Failing to be strong enough to confront her friend Nefise and talk about the "blundering"- Nefise's romantic attachment to Hugh Eliot who has long flirted with Vicdan- she locks her anger and frustration inside and finds excuses for the pain. Concealing the real cause of her disappointment, she blames Nefise for going to the Ministry without informing her as well: "(Nefise's attempted duplicity at the Ministry is only the label you have, to your secret relief, hurriedly pasted over the compartment where you crammed the pain that question caused you.)" (41) She is trained to hide her self in such a strict way that, let alone revealing it to others, she herself is scared to see her repressed soul in its stark nakedness. As is apparent in the narrator's comment, she does not know that she "would have a more tranquil old age if the curtain of mystery within her were raised." (206)
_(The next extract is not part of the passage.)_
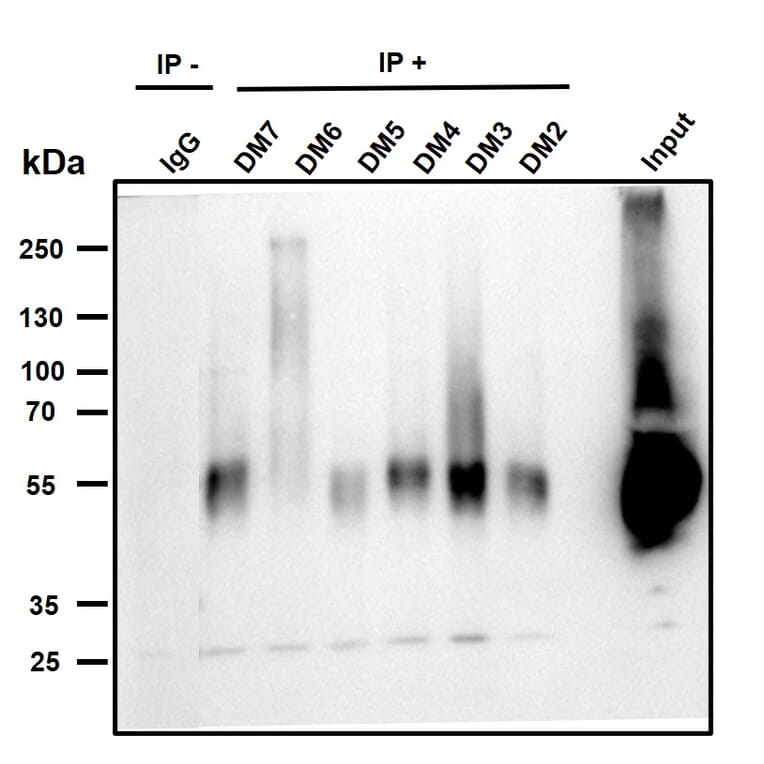 Immunoprecipitation - Anti-BCMA Antibody [DM4] - BSA and Azide free (A318679) - Antibodies.com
Being accustomed to cramming the pain and suppressing the joy, although "she has a revolutionary soul", Vicdan fails to activate her free will, and becomes "reserved". (59) The narrative voice enters a parenthesis here and makes a comment on Vicdan's ambiguous nature: " Throughout her long life, Vicdan will suffer from the torment of being torn between her eager, energetic spirit and her patina of reserve." (59) In an attempt to understand which of these two aspects of her character dominates Vicdan's soul, the narrator asks: "Is this you, Vicdan, calm, considerate, always courteous? You can't recognise yourself, can you? How did you manage to conceal your rage until now?" (60) Actually tracing her mother's past and raising an awareness about the possible dangers caused by the concealment, the narrator questions her mother with a tone of bitter criticism blaming this sort of an attitude as the begetter of further pain that destroys the body:

Where are your demons, Vicdan? Where have you hidden them? A day will come when your demons will become your inquisitors. Life and history are not forgiving, and make us pay even for the concealment of your demons... Even virtue comes at a price. (62)

After the last decade of innocence the narrator is now well aware of the fact that virtue is and never was rewarded; hence, innocence then is just a facade that fosters the useof the mask of rigidity. In other words, it is just a sweet lie that covers "the incoherencies and incongruities" with a shawl.

Since Vicdan becomes anxious to maintain the mask of rigidity that the social codes call for, she trains her soul and body so that her suppressed emotions do not leak out. So she establishes a firm attitude:

Sorrow is a physical sensation for Vicdan, carving out a painfilled hollow from heart to belly. She does not weep, perhaps cannot. She is no longer the little girl, who wept her heart out when her father died, until her eyesight failed. She has learned to confront misfortune steadfastly. (77)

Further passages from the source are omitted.